In 2011, Rawdin applied to take the exam again, and his neuropsychologist told the ABP of Rawdin’s diagnosis. The ABP granted the request for extra time and short breaks, but denied the request for open-book and advance knowledge accommodations since the ABP would not be able to “adequately, reliably, and validly” test Rawdin’s knowledge.” Rawdin’s request to write an essay instead of a multiple-choice exam was also denied. The ABP stated that an essay would not be as reliable and would be too expensive.
After again failing the exam, Rawdin filed suit against the ABP, asserting that they failed to accommodate his disability. ABP claimed that its exam items do provide context and do not require test takers to “dredge up the information out of nowhere.” Thus, ABP said, Rawdin should not be granted special accommodations beyond extra time and short breaks.
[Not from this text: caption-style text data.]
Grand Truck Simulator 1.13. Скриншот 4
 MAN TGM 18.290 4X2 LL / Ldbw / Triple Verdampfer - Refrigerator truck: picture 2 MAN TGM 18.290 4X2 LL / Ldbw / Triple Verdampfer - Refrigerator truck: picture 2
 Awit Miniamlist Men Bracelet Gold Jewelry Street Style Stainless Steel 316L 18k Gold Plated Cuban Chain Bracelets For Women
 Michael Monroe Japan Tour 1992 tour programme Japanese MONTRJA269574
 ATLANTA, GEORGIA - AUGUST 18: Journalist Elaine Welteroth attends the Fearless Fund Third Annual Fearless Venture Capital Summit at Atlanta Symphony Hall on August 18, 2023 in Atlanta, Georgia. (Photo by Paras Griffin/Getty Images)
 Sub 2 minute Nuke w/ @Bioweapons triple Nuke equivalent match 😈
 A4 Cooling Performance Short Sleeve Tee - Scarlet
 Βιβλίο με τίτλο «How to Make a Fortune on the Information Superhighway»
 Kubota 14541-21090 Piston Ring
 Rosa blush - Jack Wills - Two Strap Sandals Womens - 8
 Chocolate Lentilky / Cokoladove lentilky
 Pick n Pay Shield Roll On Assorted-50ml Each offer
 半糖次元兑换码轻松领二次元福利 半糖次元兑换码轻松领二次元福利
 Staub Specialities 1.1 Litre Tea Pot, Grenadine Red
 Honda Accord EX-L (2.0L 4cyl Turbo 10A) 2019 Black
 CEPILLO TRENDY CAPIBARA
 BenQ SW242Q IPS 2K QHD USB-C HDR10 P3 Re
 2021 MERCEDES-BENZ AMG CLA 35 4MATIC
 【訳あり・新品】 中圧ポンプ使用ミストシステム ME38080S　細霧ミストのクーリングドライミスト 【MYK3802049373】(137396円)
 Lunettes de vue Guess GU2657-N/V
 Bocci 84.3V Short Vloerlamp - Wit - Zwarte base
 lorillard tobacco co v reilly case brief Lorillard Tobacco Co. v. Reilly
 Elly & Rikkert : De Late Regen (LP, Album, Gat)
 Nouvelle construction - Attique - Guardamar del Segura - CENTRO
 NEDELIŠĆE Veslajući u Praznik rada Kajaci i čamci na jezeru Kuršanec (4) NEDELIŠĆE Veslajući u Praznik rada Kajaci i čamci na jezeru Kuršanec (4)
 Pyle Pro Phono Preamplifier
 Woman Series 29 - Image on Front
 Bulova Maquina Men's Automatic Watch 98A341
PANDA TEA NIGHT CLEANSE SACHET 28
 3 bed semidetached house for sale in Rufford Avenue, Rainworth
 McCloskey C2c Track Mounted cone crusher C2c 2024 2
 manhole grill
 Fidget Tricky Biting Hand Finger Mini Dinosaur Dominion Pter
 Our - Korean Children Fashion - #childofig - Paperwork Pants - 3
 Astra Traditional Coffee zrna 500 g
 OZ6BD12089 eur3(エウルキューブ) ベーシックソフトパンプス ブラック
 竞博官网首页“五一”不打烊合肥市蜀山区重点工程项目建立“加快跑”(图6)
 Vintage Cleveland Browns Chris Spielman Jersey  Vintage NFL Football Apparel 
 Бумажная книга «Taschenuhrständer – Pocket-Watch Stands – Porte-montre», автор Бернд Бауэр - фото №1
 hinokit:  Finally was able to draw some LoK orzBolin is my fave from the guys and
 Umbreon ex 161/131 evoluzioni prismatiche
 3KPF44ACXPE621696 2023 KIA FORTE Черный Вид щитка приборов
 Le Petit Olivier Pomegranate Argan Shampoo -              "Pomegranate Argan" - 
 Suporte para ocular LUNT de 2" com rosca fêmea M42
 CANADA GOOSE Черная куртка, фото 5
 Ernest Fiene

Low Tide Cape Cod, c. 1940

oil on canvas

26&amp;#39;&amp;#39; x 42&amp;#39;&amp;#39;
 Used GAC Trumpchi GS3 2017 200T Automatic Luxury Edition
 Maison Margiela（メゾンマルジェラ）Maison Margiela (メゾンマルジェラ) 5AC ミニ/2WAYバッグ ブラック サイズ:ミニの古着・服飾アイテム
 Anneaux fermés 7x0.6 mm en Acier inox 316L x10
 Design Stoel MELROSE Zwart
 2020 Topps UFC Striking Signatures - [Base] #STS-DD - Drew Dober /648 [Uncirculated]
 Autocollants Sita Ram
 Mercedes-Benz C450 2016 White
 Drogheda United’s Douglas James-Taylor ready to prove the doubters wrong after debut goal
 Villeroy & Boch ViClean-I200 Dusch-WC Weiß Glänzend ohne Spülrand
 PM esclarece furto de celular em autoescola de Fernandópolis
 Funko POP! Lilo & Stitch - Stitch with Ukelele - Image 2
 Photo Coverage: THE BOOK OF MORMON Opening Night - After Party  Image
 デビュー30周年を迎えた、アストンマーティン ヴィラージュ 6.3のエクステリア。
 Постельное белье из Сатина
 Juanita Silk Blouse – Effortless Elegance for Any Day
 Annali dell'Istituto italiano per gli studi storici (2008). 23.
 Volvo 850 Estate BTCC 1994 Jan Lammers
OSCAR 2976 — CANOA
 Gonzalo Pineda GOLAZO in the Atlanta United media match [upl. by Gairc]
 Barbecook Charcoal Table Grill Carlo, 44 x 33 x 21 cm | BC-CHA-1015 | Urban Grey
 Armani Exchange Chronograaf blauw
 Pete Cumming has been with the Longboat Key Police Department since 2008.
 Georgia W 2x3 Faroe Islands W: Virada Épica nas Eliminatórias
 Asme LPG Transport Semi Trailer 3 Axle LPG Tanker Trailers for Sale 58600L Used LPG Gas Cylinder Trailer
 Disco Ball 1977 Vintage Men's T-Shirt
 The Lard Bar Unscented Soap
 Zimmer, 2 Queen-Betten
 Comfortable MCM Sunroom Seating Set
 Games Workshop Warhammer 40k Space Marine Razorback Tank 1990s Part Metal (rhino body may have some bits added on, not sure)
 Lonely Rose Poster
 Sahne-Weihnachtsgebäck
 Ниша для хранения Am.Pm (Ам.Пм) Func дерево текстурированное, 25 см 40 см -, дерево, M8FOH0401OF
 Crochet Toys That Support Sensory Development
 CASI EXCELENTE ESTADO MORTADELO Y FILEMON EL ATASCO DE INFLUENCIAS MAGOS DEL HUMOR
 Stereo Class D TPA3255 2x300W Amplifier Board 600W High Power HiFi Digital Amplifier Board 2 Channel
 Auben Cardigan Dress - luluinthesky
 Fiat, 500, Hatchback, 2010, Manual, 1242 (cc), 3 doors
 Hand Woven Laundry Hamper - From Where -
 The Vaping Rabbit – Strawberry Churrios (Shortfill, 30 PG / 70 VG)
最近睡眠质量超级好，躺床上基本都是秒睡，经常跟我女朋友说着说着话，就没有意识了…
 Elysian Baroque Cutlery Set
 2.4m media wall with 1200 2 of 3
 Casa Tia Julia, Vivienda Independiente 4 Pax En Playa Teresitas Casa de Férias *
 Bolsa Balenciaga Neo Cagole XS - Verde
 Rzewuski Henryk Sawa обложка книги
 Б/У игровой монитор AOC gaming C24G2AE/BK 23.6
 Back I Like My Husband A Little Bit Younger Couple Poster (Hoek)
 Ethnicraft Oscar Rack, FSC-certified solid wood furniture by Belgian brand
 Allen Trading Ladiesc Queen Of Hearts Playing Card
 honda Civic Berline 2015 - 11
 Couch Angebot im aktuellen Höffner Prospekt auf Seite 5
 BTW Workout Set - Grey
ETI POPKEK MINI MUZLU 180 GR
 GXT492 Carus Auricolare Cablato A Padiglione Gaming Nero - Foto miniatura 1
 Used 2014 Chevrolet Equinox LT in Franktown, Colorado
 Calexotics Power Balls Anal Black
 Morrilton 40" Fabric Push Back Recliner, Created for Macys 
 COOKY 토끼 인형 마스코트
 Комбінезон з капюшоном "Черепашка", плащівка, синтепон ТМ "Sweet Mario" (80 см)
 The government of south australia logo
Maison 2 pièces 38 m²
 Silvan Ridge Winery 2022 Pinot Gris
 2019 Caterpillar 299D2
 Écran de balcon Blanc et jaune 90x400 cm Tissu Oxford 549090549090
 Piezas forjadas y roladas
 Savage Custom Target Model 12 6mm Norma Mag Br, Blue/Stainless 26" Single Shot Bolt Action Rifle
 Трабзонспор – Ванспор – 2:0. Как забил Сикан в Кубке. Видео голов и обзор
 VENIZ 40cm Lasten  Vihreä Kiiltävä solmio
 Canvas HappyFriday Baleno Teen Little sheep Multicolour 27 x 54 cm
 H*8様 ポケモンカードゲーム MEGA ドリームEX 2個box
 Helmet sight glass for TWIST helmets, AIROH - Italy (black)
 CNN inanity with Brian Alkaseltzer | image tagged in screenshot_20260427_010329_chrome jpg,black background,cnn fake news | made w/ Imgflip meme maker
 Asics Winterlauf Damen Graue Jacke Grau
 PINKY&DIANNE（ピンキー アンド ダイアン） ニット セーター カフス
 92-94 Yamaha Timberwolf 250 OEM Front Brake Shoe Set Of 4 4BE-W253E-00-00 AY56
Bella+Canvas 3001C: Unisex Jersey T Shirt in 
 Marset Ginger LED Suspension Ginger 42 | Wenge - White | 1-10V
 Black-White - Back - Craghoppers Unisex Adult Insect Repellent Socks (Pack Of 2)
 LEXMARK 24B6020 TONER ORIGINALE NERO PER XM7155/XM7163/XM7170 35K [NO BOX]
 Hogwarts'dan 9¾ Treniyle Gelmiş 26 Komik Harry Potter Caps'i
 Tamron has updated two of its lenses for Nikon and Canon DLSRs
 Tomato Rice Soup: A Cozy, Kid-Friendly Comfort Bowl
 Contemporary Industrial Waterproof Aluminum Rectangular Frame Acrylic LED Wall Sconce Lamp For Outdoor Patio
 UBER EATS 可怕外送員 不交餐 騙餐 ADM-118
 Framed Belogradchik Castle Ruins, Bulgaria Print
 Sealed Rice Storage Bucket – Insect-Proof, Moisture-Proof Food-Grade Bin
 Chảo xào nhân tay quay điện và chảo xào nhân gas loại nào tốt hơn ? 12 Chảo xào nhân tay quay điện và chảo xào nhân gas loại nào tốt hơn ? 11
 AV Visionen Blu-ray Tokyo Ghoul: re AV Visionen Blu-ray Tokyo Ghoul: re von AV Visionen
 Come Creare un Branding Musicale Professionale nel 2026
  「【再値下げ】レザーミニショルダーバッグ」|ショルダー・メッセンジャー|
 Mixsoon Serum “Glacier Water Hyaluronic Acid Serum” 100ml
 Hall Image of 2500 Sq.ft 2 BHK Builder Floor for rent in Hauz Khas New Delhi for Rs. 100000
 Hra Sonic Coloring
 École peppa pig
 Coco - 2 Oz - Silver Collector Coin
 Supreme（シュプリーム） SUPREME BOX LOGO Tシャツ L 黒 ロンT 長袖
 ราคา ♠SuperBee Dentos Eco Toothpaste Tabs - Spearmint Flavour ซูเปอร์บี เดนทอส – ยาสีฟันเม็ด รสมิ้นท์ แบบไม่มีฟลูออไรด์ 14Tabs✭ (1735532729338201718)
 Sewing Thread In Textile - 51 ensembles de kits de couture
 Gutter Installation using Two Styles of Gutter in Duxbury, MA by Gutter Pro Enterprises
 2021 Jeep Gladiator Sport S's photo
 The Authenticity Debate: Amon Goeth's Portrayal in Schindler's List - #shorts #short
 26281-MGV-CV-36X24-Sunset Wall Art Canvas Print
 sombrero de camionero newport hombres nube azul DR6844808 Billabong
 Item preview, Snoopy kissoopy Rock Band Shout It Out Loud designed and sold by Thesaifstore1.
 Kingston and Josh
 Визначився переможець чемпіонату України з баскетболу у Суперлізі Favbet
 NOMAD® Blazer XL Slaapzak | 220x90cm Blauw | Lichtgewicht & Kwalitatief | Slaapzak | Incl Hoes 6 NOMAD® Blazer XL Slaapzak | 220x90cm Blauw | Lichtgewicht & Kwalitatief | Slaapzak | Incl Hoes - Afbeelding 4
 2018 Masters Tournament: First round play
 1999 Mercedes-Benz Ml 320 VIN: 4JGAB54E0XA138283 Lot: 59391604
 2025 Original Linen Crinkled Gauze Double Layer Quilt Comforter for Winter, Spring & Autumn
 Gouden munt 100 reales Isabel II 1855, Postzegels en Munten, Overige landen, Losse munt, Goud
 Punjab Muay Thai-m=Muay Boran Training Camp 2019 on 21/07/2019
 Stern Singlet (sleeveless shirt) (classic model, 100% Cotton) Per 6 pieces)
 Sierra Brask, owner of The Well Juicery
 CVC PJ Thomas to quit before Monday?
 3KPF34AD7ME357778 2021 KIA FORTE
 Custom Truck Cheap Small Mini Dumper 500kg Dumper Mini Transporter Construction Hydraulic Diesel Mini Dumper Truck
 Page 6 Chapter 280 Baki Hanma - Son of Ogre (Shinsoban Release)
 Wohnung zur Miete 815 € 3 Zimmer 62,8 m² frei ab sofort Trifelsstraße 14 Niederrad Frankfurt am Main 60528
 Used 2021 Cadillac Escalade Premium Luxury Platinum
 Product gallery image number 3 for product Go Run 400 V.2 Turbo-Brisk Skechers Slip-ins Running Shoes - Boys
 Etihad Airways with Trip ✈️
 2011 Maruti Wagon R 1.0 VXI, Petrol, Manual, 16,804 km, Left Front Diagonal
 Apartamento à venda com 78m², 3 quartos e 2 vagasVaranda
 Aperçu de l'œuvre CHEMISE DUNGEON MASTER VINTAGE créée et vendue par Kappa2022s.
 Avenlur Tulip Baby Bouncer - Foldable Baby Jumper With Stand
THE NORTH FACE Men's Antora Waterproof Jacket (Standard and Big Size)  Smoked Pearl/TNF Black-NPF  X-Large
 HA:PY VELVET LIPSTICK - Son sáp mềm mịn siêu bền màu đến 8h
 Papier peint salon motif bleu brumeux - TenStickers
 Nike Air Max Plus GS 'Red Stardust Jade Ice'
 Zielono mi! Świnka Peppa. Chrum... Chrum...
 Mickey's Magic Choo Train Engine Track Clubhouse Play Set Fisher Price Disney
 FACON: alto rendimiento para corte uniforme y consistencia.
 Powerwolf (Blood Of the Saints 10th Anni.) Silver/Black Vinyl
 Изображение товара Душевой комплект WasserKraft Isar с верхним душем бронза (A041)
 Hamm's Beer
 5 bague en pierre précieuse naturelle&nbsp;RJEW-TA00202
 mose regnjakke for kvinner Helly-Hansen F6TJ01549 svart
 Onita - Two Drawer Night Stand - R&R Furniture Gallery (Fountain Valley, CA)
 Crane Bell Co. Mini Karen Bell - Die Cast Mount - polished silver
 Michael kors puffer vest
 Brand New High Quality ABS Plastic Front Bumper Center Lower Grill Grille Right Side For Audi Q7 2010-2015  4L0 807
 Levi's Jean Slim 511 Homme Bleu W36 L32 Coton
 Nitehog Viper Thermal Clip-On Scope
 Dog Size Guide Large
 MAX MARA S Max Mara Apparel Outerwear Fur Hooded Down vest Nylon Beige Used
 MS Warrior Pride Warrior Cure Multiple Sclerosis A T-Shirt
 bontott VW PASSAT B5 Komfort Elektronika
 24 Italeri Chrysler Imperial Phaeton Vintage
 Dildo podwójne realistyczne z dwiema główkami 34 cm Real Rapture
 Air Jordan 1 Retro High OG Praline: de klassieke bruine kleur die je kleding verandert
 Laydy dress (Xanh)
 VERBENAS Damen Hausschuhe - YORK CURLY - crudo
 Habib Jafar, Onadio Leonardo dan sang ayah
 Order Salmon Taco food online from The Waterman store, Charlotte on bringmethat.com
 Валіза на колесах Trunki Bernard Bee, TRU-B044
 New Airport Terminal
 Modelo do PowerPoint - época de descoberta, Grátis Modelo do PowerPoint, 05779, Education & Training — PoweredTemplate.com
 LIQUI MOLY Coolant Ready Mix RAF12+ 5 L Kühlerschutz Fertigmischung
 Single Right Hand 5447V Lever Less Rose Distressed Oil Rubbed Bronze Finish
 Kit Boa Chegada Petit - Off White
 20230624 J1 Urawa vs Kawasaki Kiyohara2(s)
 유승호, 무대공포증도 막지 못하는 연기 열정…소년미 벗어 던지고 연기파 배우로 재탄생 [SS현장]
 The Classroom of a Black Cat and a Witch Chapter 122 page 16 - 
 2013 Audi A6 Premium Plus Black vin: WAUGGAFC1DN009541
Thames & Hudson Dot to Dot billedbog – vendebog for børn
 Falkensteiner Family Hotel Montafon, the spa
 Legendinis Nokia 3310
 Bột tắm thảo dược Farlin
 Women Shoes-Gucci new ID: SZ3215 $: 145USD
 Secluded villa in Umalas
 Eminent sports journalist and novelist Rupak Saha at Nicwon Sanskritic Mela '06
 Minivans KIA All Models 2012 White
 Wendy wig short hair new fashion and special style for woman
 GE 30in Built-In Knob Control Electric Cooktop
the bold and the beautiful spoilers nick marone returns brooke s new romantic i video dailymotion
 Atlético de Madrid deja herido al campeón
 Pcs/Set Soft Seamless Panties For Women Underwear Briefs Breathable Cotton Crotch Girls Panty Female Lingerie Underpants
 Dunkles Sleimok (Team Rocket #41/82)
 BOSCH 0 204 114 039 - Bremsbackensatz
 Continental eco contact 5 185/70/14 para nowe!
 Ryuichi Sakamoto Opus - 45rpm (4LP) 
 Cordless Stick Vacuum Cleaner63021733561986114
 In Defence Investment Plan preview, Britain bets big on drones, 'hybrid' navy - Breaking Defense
The court agreed, noting that since the doctors who evaluated Rawdin did not know the specifications of the exam in question, their testimony was not credible.
Furthermore, the court wrote, “even if Rawdin’s impairment fell within the categories of disabilities that the regulation covers, ABP has shown that the exam “best ensures that its results will accurately reflect Rawdin’s aptitude rather than his disability.”
While acknowledging Rawdin’s aptitude and prowess as a doctor, the Court denied his suit against ABP, finding that he was not disabled and not entitled to accommodations because such accommodations were unreasonable and would “impose an undue burden on ABP.”